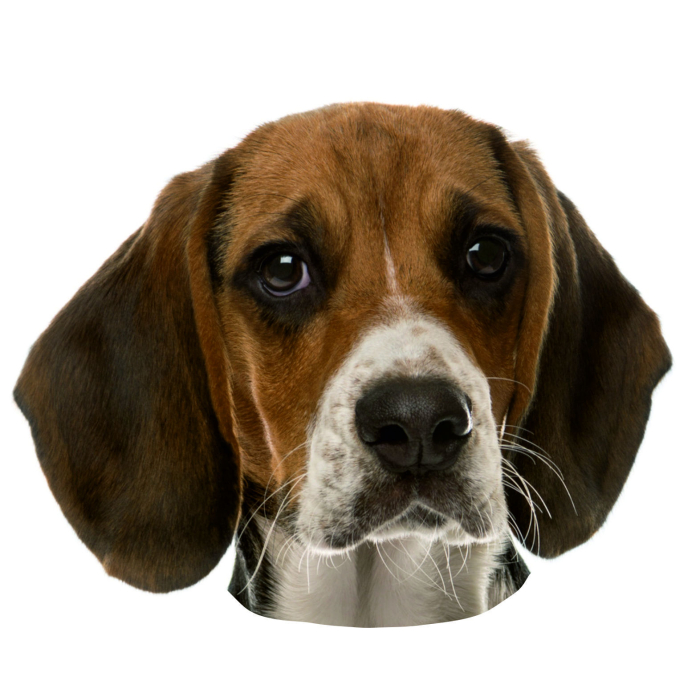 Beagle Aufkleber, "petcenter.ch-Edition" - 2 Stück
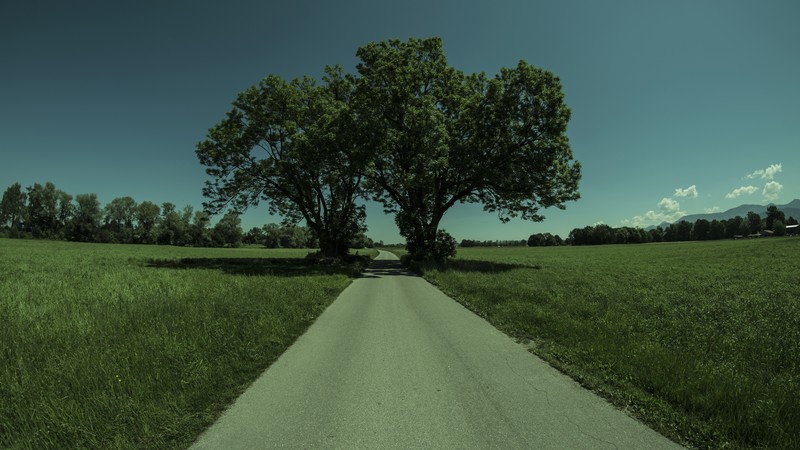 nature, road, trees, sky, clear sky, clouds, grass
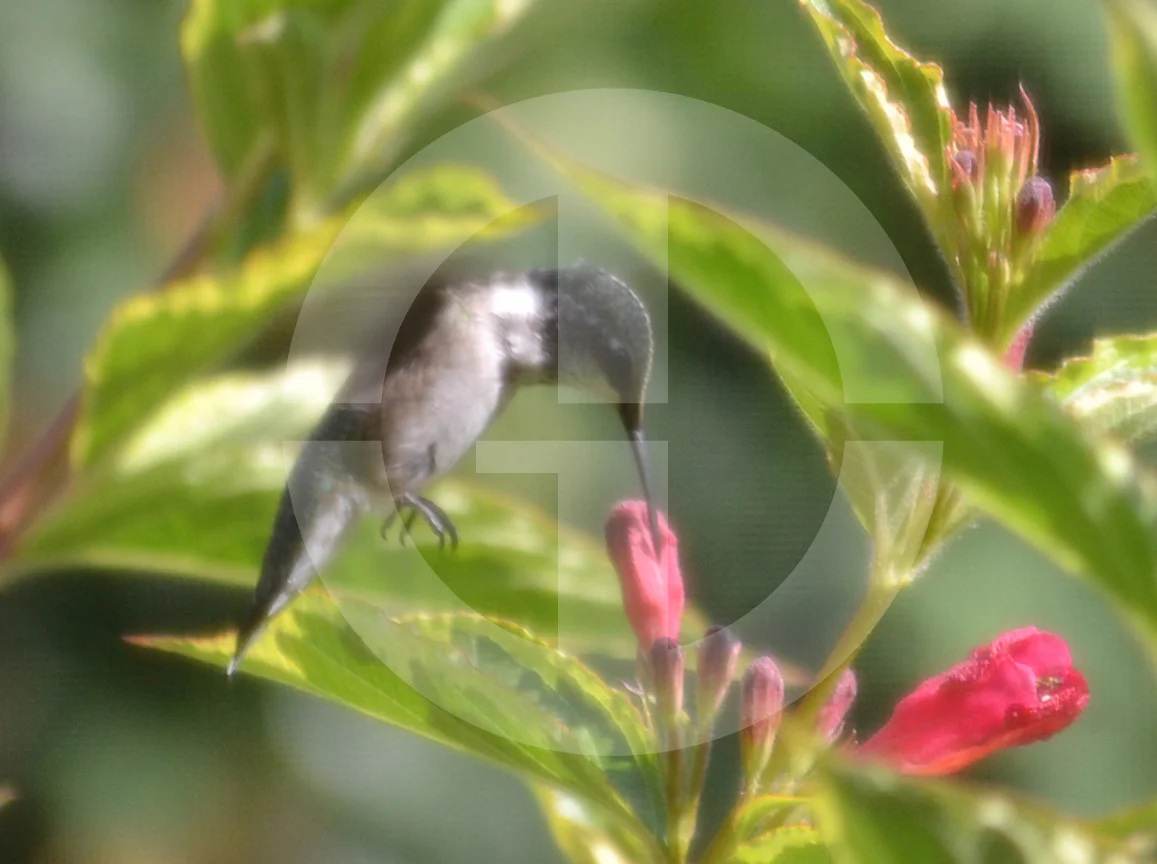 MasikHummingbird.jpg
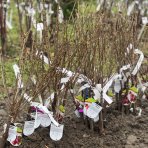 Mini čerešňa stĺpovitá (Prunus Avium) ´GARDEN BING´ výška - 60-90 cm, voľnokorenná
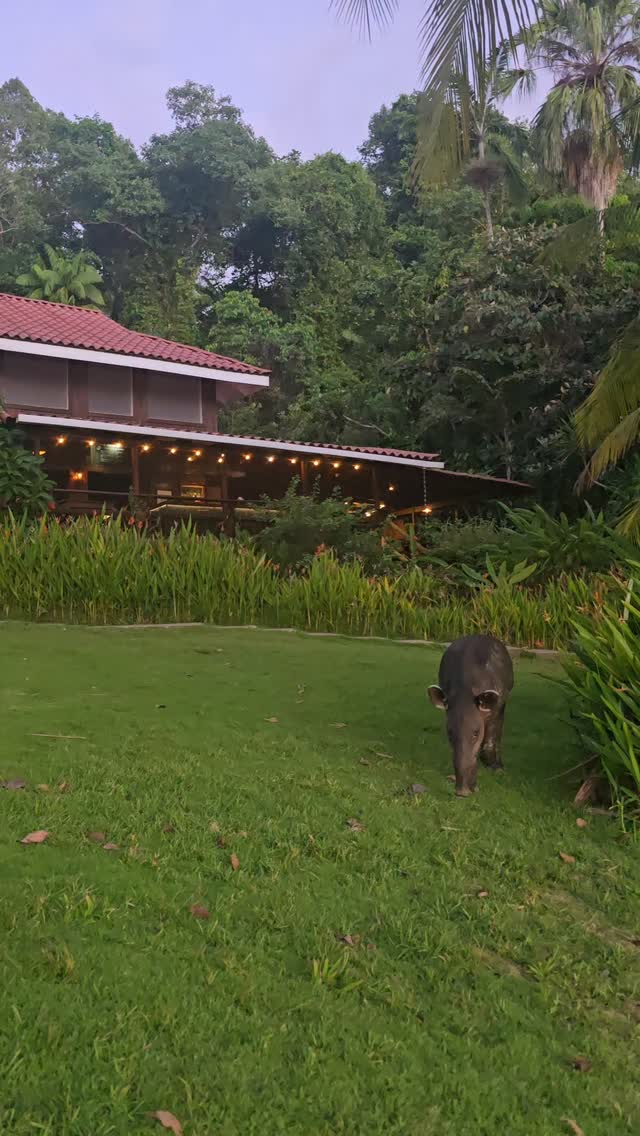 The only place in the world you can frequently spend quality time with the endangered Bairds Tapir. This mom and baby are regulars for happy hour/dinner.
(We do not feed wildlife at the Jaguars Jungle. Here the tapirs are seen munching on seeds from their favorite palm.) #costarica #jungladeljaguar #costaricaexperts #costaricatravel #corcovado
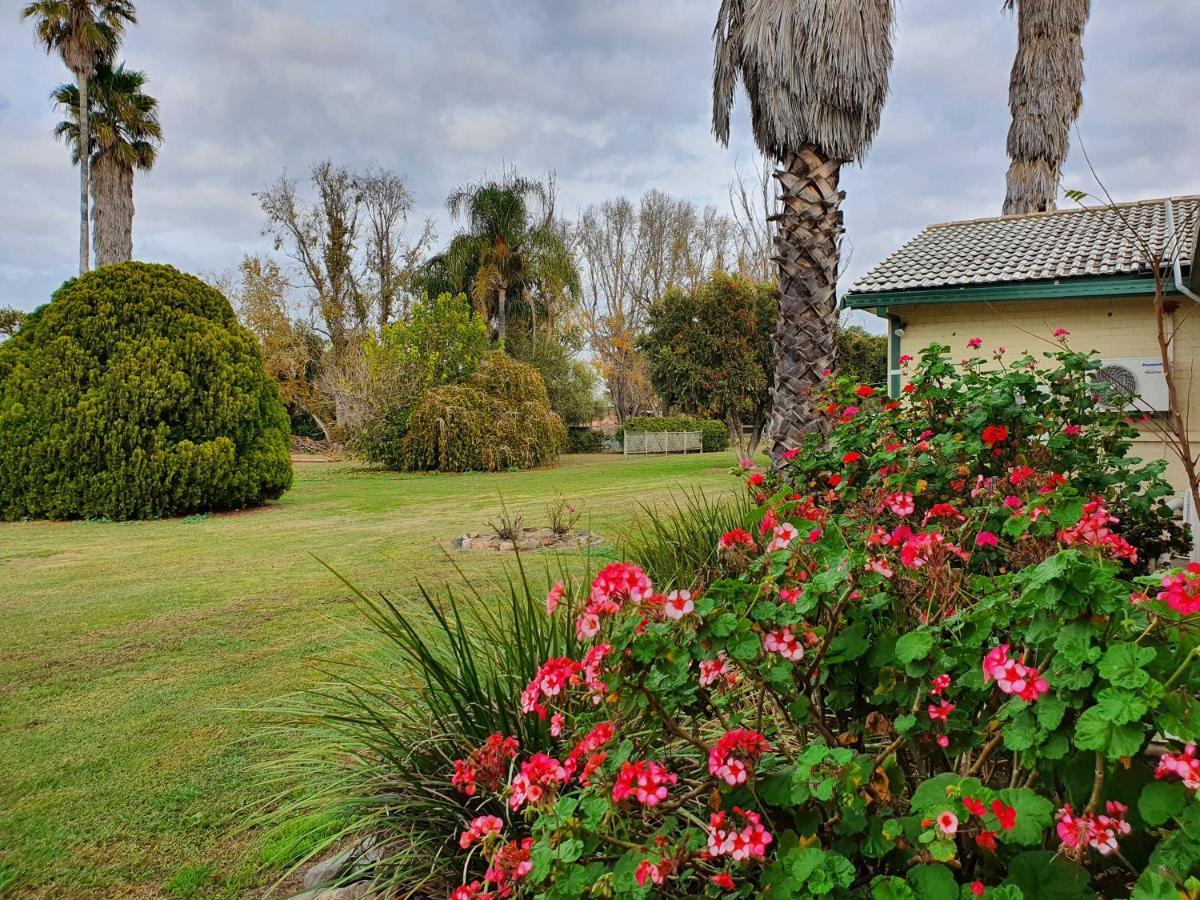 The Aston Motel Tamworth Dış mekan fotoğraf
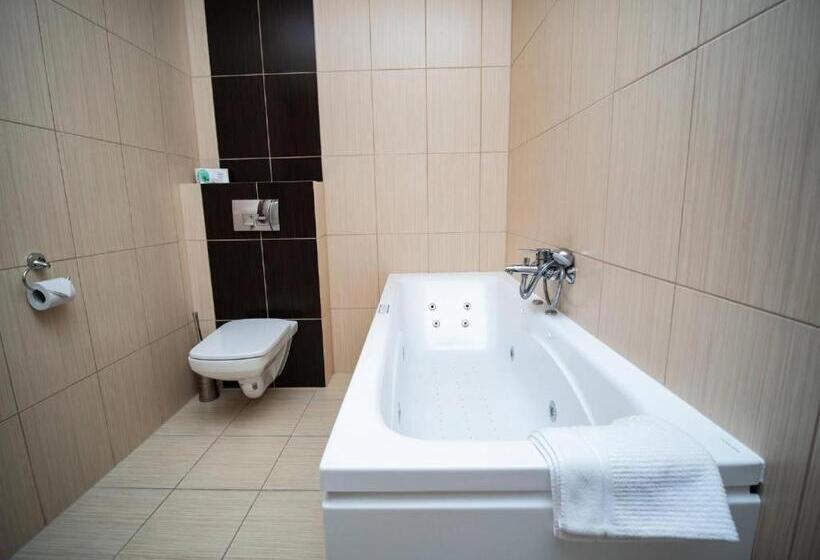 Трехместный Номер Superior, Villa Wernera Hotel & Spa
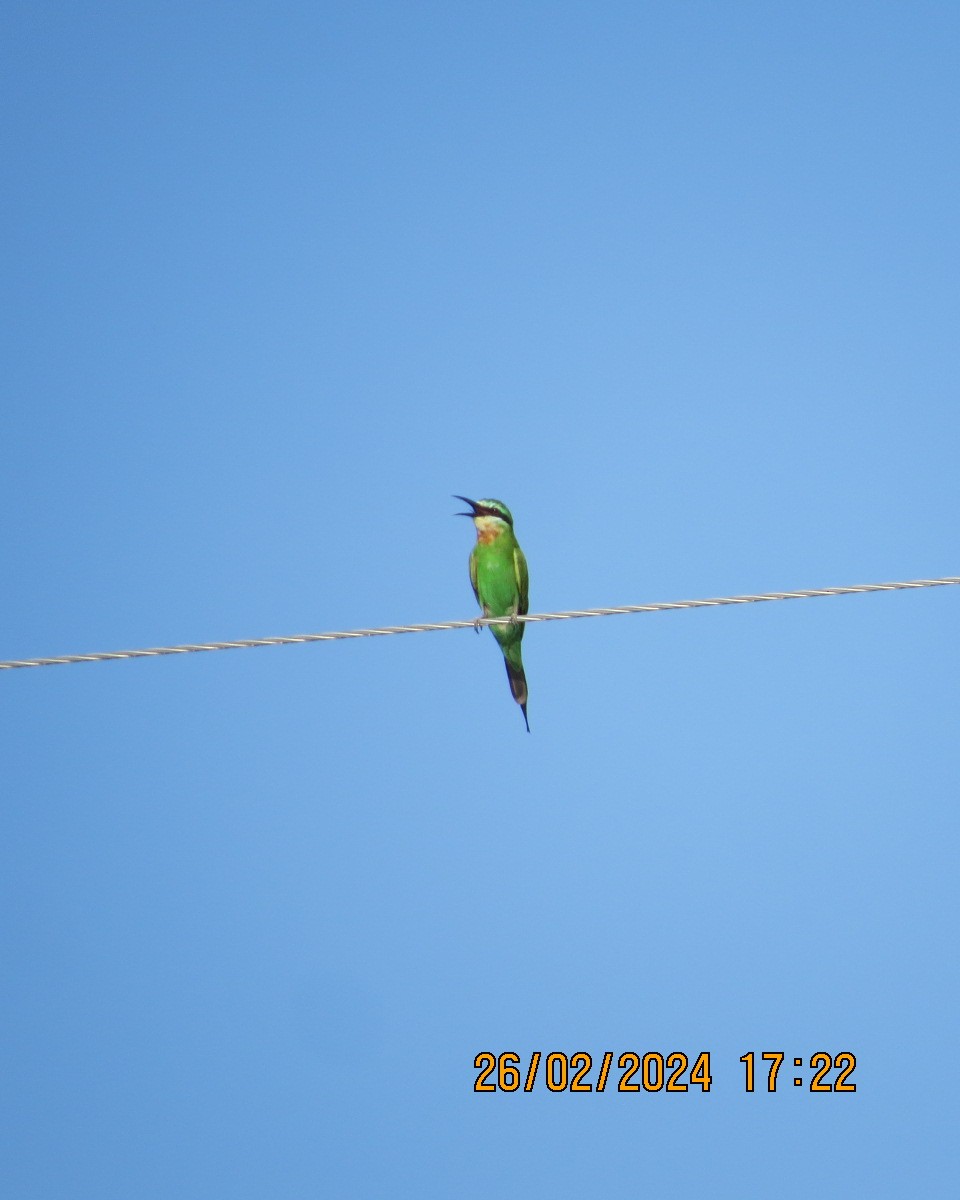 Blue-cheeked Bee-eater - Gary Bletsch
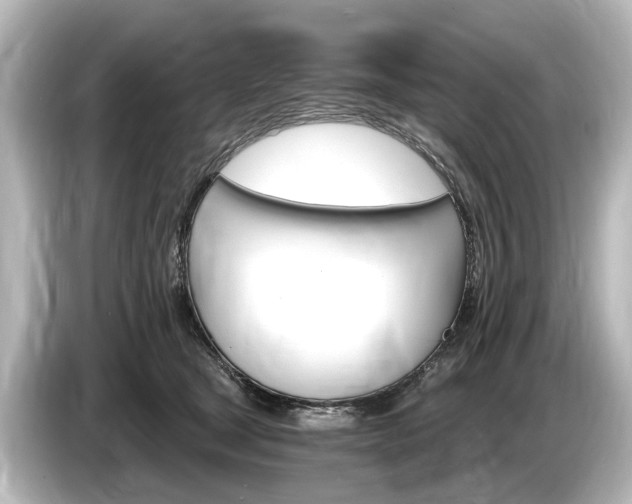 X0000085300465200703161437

#####

▸ PROBLEM DETAILS: Begin with the line containing "The Aston Motel Tamworth Dış mekan fotoğraf" and end with the last line of the material above; return exactly those lines, both ends included, and omit all pictures.

▸ TASK OUTPUT:
 The Aston Motel Tamworth Dış mekan fotoğraf
 Трехместный Номер Superior, Villa Wernera Hotel & Spa
 Blue-cheeked Bee-eater - Gary Bletsch
 X0000085300465200703161437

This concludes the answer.